▶ What you will do
Below are records to be transcribed exactly; any pictures should be left out.
+++
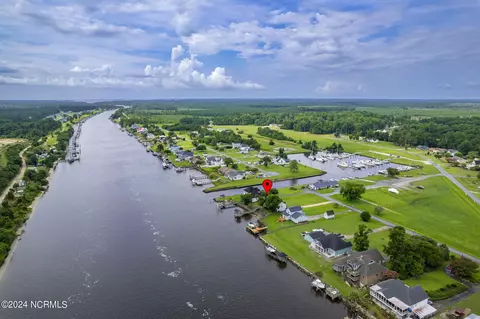 736 Sea Gate Dr, Newport, NC 28570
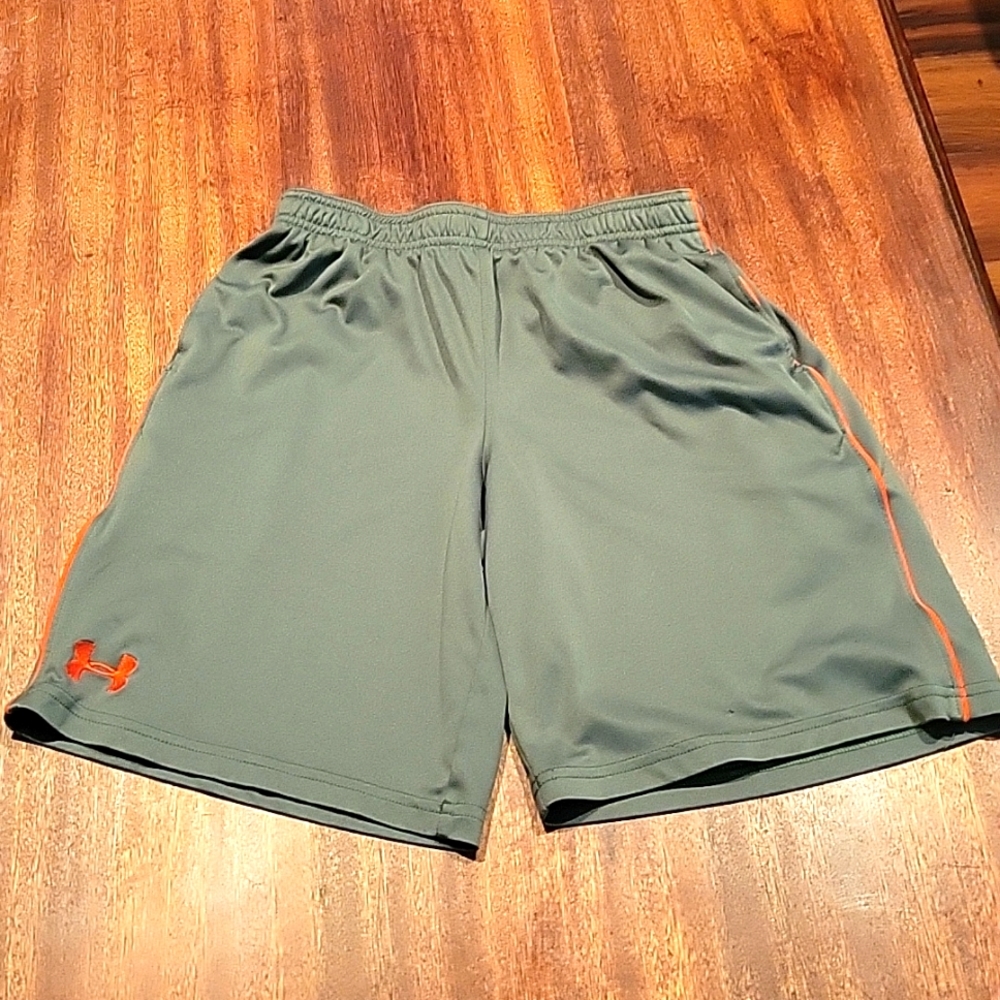 Boys Youth M dark green, Under Armour Gym shorts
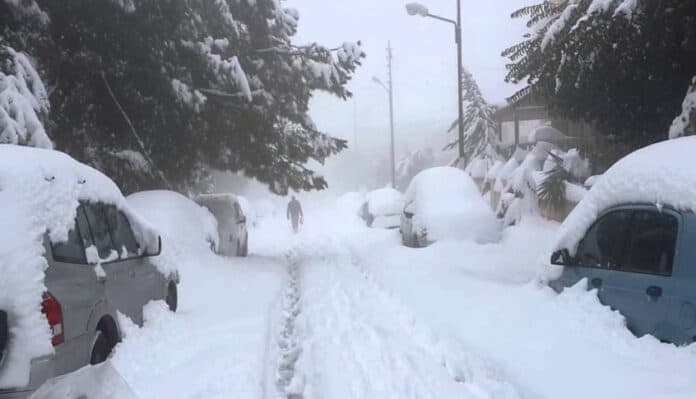 الأرصاد تحسم الجدل حول التراكمات الثلجية وتفاصيل المنخفض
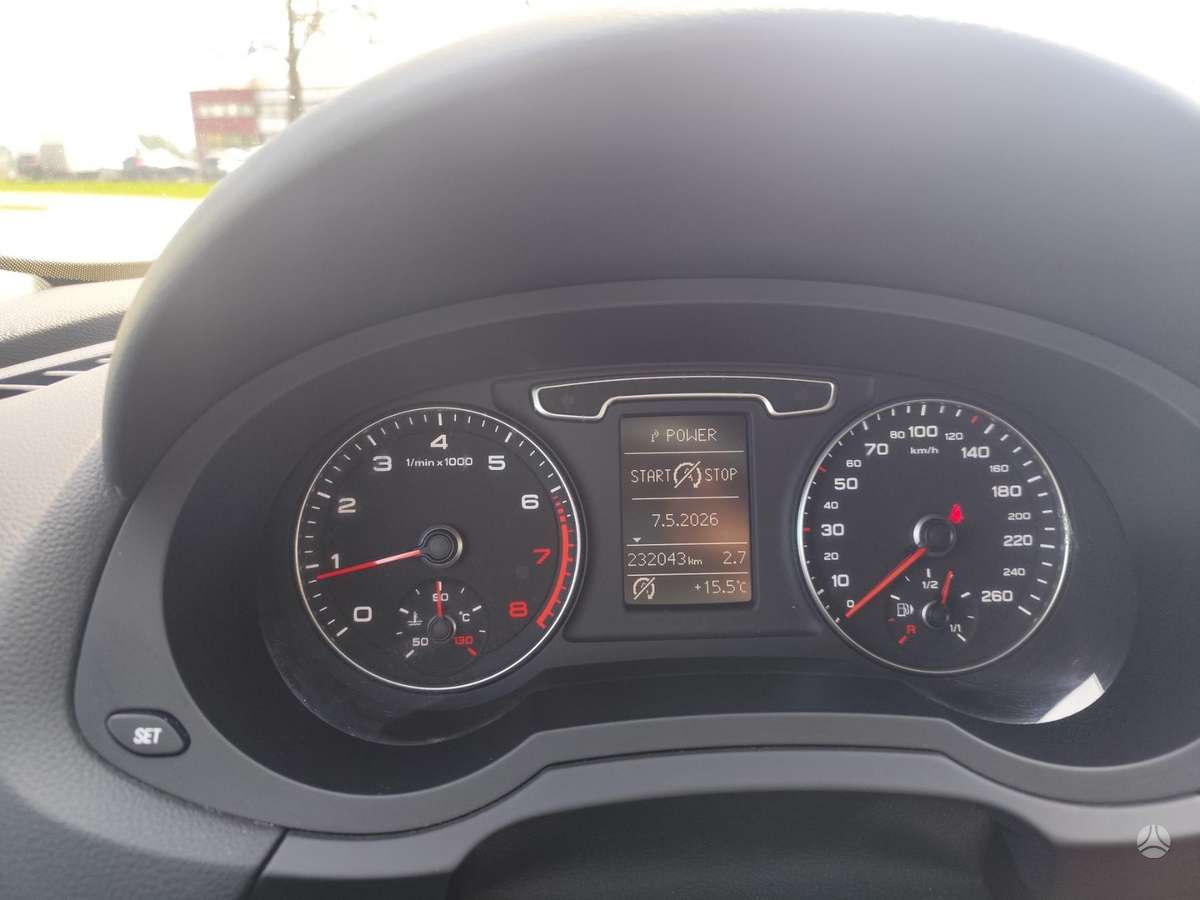 Audi Q3, 2.0 l., Внедорожник / Кроссовер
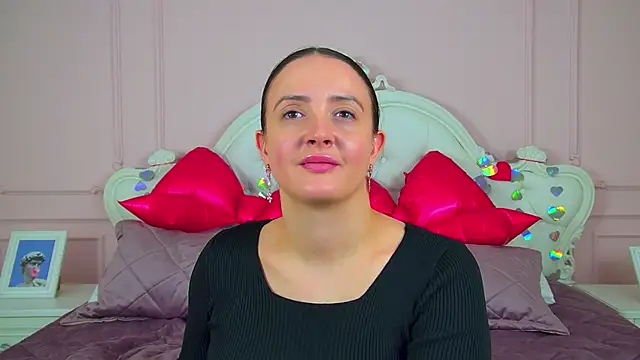 ElinaBellucci's Live XXX Chat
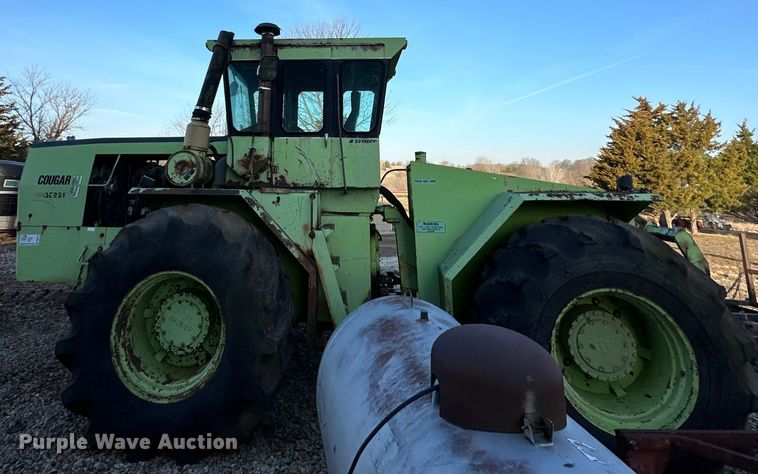 image for item DQ6418 1976 Steiger  Cougar III ST251 4WD tractor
+++
▶ Solution to the problem
 736 Sea Gate Dr, Newport, NC 28570
 Boys Youth M dark green, Under Armour Gym shorts
 الأرصاد تحسم الجدل حول التراكمات الثلجية وتفاصيل المنخفض
 Audi Q3, 2.0 l., Внедорожник / Кроссовер
 ElinaBellucci's Live XXX Chat
 image for item DQ6418 1976 Steiger  Cougar III ST251 4WD tractor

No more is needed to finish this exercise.